======== Task material

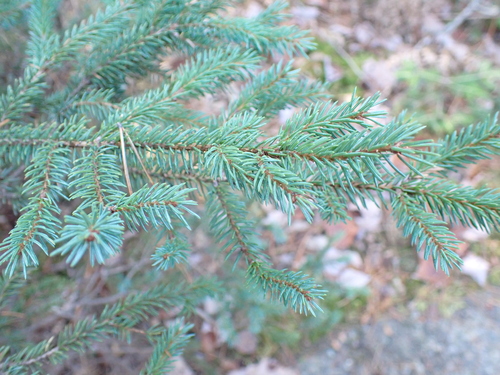 Picea mariana observed 2026-10-24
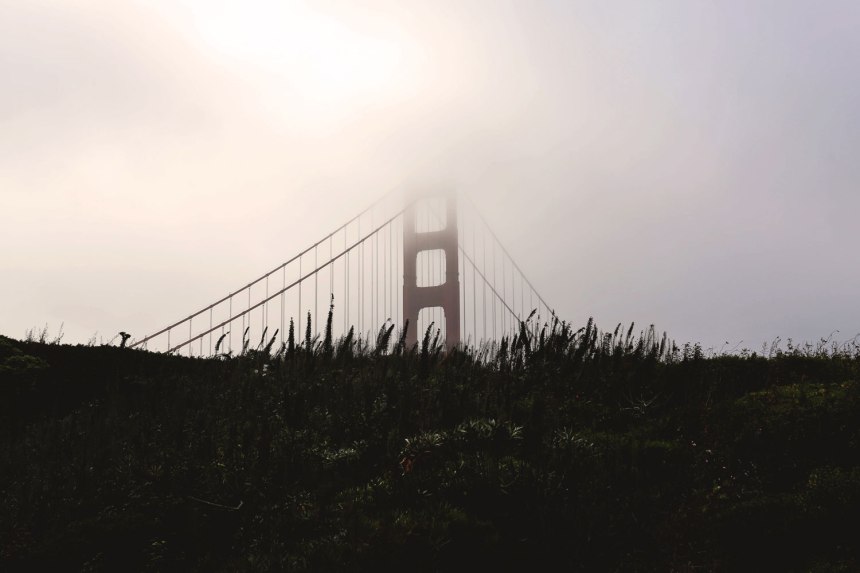 Sneakers in San Francisco / for the love of nike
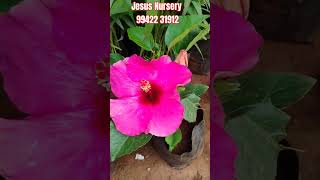 அழகிய செம்பருத்தி பூ செடிகள் #trendingshorts #houseplant #houseplants #garden #indoorplantnursery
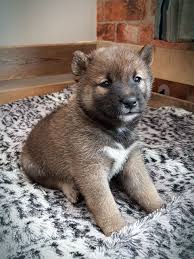 Get advice from breed experts and make a safe choice. Gorgeous Shiba Inu Puppies For Sale Ipswich Suffolk Pets4homes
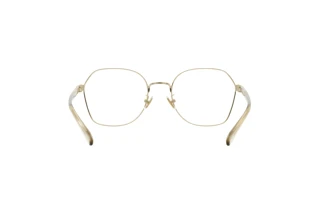 Bagside Coach HC5155 (9436)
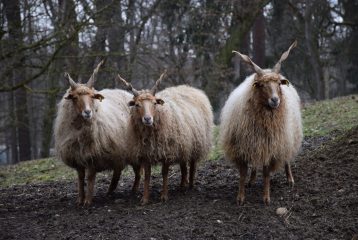 Tierpatenschaft Zackelschaf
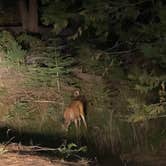 Review photo of Sequoia National Forest Hume Lake Campground by Robert S., July 13, 2021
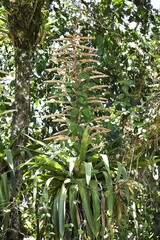 Tillandsia fendleri, photograph (c) Zac Peterson, some rights reserved (CC BY)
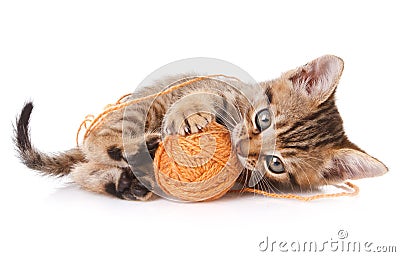 Playful tabby kitten Stock Photo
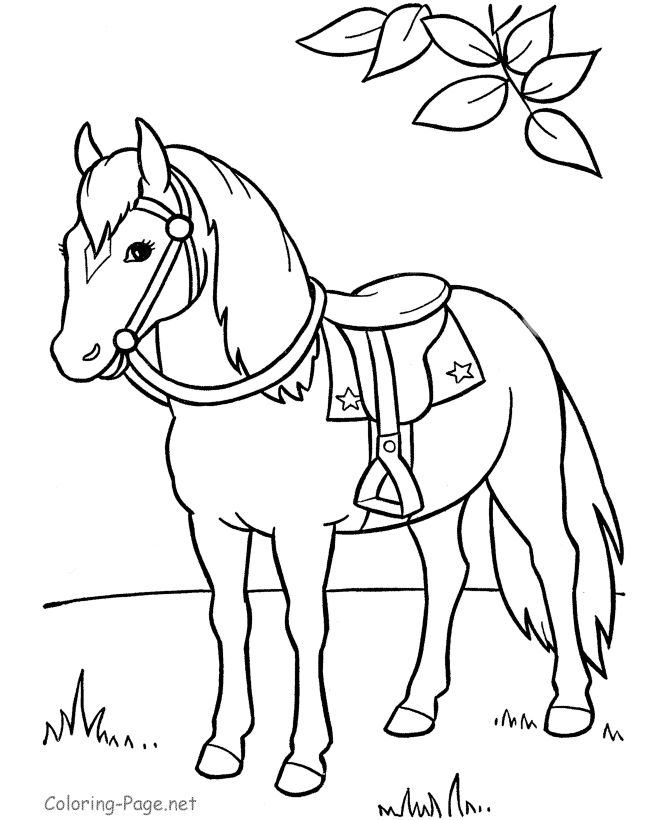 Saddle coloring #3, Download drawings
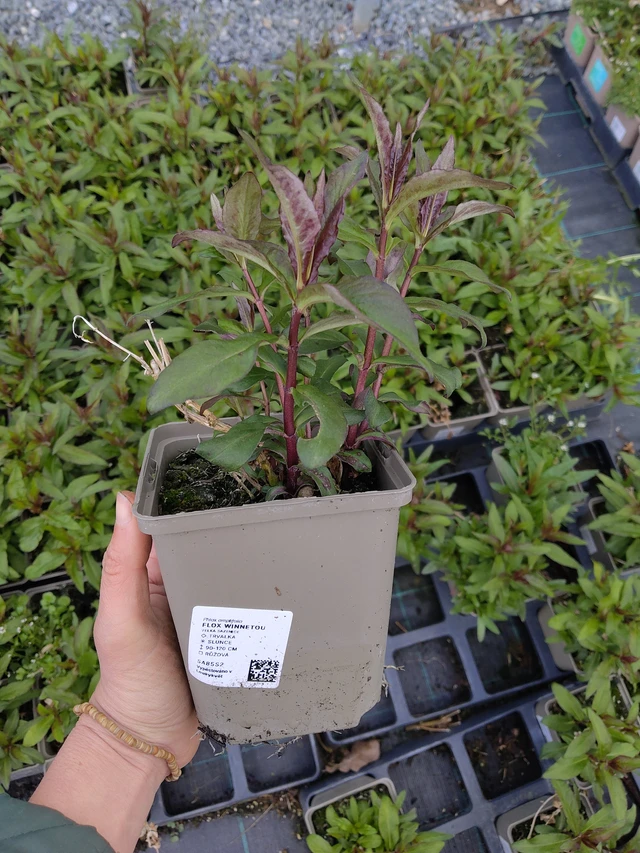 Flox Winnetou - 21. 4. 2026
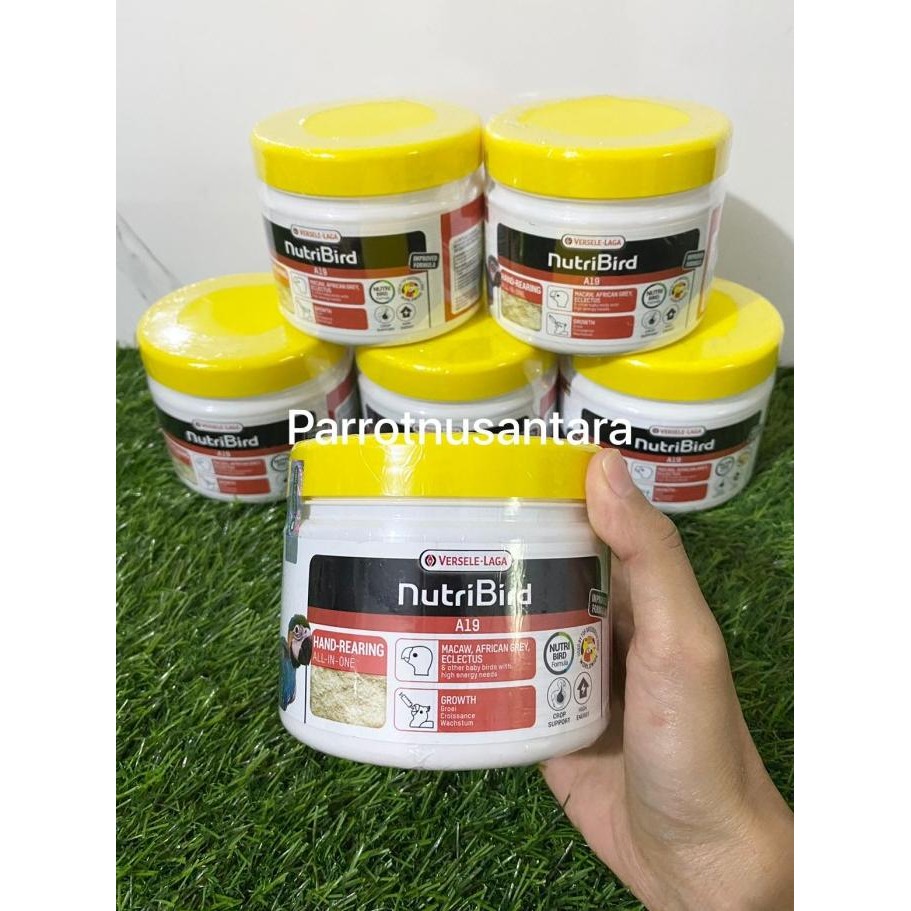 PAKAN LOLOHAN BURUNG PARROT NUTRIBIRD A19 murah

================

Task item => Final task for the records above: print exactly the lines from the one that contains "Review photo of" through the last line, both ends included, pictures excluded.

Solution for this exercise =>
 Review photo of Sequoia National Forest Hume Lake Campground by Robert S., July 13, 2021
 Tillandsia fendleri, photograph (c) Zac Peterson, some rights reserved (CC BY)
 Playful tabby kitten Stock Photo
 Saddle coloring #3, Download drawings
 Flox Winnetou - 21. 4. 2026
 PAKAN LOLOHAN BURUNG PARROT NUTRIBIRD A19 murah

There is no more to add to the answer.